> YOUR ASSIGNMENT: In the data that follows, find each line containing "Sport" and copy it.

> EXCERPTED DATA:
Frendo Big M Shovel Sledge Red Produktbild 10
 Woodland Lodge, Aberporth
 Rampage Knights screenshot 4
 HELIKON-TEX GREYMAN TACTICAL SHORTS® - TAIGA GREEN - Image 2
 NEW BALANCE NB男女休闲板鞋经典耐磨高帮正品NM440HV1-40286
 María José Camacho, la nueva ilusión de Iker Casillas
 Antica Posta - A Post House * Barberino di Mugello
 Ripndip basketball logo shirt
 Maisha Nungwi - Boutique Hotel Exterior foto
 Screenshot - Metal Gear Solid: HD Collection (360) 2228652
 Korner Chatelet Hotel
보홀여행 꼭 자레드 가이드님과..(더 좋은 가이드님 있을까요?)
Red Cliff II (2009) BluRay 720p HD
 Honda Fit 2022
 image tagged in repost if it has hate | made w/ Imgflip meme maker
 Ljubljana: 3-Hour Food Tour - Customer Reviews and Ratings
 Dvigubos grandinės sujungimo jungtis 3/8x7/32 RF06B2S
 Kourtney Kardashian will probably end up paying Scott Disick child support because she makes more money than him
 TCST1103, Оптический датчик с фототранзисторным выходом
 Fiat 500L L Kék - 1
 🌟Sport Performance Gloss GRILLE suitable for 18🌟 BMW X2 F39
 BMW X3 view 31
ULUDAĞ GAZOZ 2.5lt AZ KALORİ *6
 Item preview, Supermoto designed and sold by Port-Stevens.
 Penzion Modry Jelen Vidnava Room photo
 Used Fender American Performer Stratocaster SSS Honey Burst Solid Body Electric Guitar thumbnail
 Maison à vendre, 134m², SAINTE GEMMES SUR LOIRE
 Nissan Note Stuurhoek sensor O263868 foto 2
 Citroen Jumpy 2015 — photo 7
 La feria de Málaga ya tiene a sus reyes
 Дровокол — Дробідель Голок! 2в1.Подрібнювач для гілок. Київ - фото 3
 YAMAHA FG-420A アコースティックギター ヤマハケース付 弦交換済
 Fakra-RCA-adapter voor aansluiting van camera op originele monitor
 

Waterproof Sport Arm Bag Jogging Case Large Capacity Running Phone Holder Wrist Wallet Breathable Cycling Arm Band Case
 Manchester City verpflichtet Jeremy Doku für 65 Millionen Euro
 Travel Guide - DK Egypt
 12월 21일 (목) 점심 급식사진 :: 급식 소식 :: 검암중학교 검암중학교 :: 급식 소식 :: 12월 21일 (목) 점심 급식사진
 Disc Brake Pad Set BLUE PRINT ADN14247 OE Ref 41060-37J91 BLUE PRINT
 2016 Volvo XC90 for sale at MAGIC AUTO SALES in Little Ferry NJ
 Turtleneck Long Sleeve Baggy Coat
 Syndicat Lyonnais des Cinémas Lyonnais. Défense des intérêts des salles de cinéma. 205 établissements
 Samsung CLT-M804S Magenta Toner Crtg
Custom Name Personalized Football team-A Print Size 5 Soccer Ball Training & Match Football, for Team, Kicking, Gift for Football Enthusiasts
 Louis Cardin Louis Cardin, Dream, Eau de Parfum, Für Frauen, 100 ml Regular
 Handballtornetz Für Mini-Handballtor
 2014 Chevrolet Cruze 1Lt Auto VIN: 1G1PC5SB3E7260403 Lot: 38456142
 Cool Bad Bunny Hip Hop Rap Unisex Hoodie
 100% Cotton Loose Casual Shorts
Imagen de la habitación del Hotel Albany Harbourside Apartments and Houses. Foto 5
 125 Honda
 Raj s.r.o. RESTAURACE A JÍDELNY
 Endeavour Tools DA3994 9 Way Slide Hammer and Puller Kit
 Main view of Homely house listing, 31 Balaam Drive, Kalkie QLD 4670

> SOLUTION FOR THIS TASK:
 🌟Sport Performance Gloss GRILLE suitable for 18🌟 BMW X2 F39
Waterproof Sport Arm Bag Jogging Case Large Capacity Running Phone Holder Wrist Wallet Breathable Cycling Arm Band Case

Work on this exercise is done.